Beefy Boxes and Bandwidth Generously Provided by pair Networks
There's more than one way to do things
 
PerlMonks  

Re: Comparative satisfiability of regexps.

by BrowserUk (Patriarch)
on Jan 20, 2005 at 06:31 UTC ( [id://423613]=note: print w/replies, xml ) Need Help??


in reply to Comparative satisfiability of regexps.

I cannot add anything to the debate whether this is doable, but I have to ask why you would want to do this?

Other than an academic answer, "To see if it is possible."; or an enigmatic one "Because I can."; both of which are perfectly fine answers, I cannot see a reason for doing this.

I cannot imagine the situation in which characterising a routine's inputs and or outputs in terms of some restricted subset of regex is the best, or even the easiest, way of characterisation. I guess it could be the most concise, but you generally know much more about an input ot output field than can easily be captured into a regex. Especially at design time?

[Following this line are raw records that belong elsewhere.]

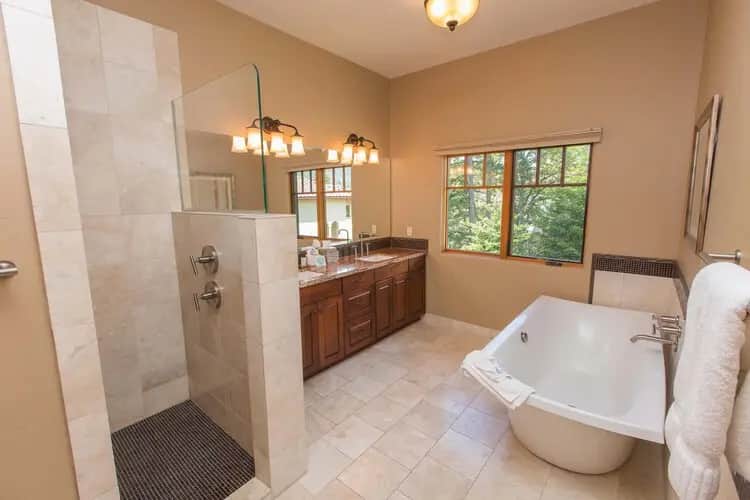 Deep soaking bathtub at Columbia Cliff Villas Hotel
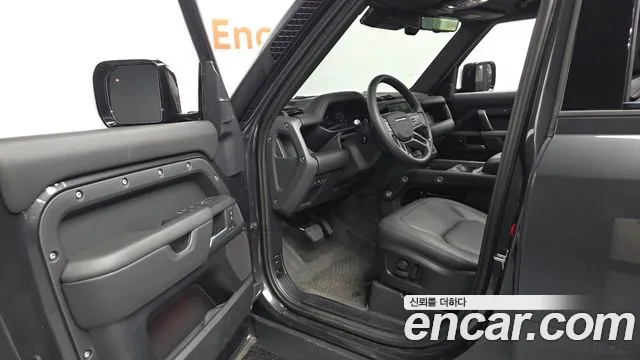 Land Rover Defender L663 — Фото автомобиля 10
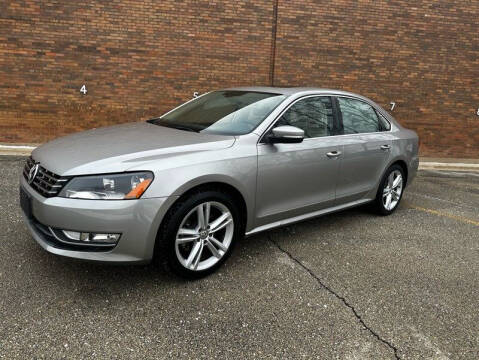 2013 Volkswagen Passat for sale at M & A Motors in Addison IL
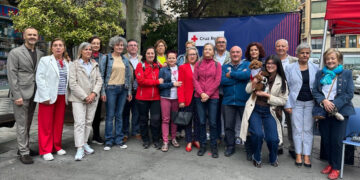 La 14ª Carrera Solidaria por Infancia de Cruz Roja Cuenca estrena pañuelo para la participación activa de perros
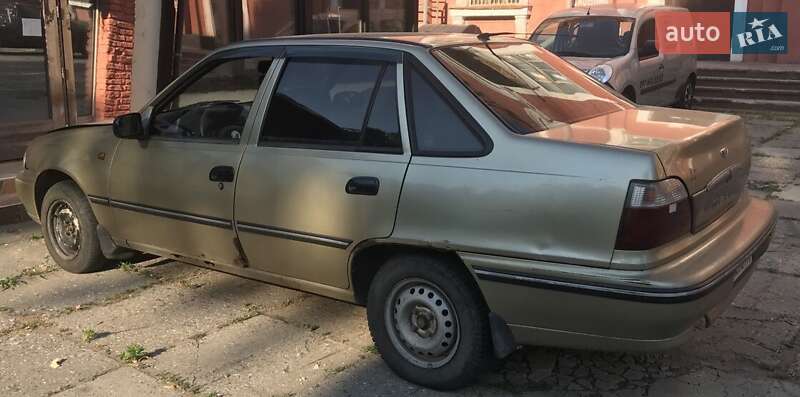Седан Daewoo Nexia 2005 в Одессе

Examine what is said, not who speaks.
Silence betokens consent.
Love the truth but pardon error.

Replies are listed 'Best First'.
Re^2: Comparative satisfiability of regexps.
by Meowse (Beadle) on Jan 20, 2005 at 10:02 UTC
    Oh, man, you guys are gonna have a field day with this one. *wry grin*

    I'm attempting to answer the question, "Does any XML document described by A.xsd satisfy the constraints of B.xsd?" Which is, as far as I can tell, calculable iff one can calculate the answer to the question, "Does regexp A satisfy the constraints of regexp B?"

    I was quite surprised to find that nobody is apparently even considering the question as it relates to .xsd's, which to my mind misses one of the really great opportunities for proving the correctness of loosely coupled, distributed application networks. Apparently, people are only concerned either with tightly-coupled, pre-negotiated application networks (where correctness is known because application A's output and application B's input are constrained by the same .xsd), or with ad-hoc, one-off verification that this particular instance of application A's output is consistent with application B's input requirements.

    I think this is regrettable, and should be fixed. Hence the preceding discussion.

    Thanks for your patience, and your knowledge, and your help!

    Mickey.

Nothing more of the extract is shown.